On the latest episode of The Anxiety Shut-In Hour Anna and Erin talked a bit about friendship. And how it's hard. How it's hard to make new friends as an adult. And I thought "ugh it's hard to make new friends as a kid making friends is terrible and I am terrible at everything" but then I realised, actually. I might not be terrible at friendship anymore. Maybe I was never terrible at it. I still don't feel like I know what I am doing and folding fitted sheets is way easier and more straightforward. But I feel like this is a thing that I can actually do. And I don't know if I do it the same as other people and I don't know if it takes this much actual work for other people (and maybe it doesn't feel like work because it's just enjoyable all the time? I don't know. For me, it's effort. But it's effort that is worth it so I keep doing it).

Anyway The Anxiety Shut-In Hour is a really great podcast. There have been three episodes so far and I recommend it and I think I would like it A LOT even if I hadn't met Erin on that forum (see, not important. But have a callback regardless).


Friday, June 12, 2015

Can I get a 'woop!' for the boxing imagery?

I can't listen to the newest album from Barenaked Ladies - Silverball - without being me and I don't think I would even want to talk about it while pretending that the last 17 years of me being a fan of the Barenaked Ladies existed.

The Barenaked Ladies released Stunt in 1998 which was certainly the best year of my life up until that point. But it's possible I didn't actually hear it until 1999 which was definitely much worse. An unprecedented alignment between me being sure I liked something and me being sure that amongst society and my peers that it was okay for me to like that thing meant I concentrated a lot of liking into the Barenaked Ladies.

I'm a little bit worse for wear
Got a little bit more grey hair
I'm not gonna be the next big thing
But I'm getting fitted for a new brass ring

Then they released Maroon in 2000 which was the year I thought I was having a mental breakdown but didn't say that to anyone because I figured that they'd tell me I was overreacting and that would be belittling to people who were actually having mental breakdowns and that years later I would look back on that time and realise that it wasn't that bad and that I was overreacting and wasn't having a mental breakdown at all because I was a teenager and didn't have to deal with all of the normal stressors of adulthood and I was overreacting to my own overreacting.
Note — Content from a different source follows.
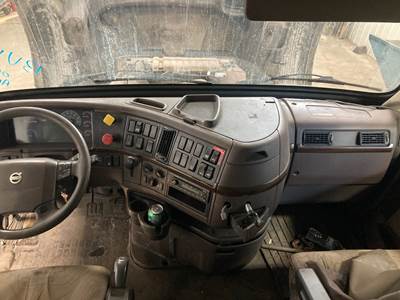 Volvo VNL Dashboard Assembly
But mostly I didn't think I could be having a mental breakdown because I couldn't imagine any way that my life could possibly ever get any better than it was right then and was sure that it was on a downhill slide forever.

I've been dunked, I've been kicked around
Now I'm ready for the big rebound
I know you can't win them all
But I'm swingin' like Pitt gettin' hits in Moneyball

A decade and a half later I am pretty sure that I did, in fact, have a mental breakdown that year.

Anyway.

It's difficult to listen to any newer Barenaked Ladies album and not feel some combination of two things.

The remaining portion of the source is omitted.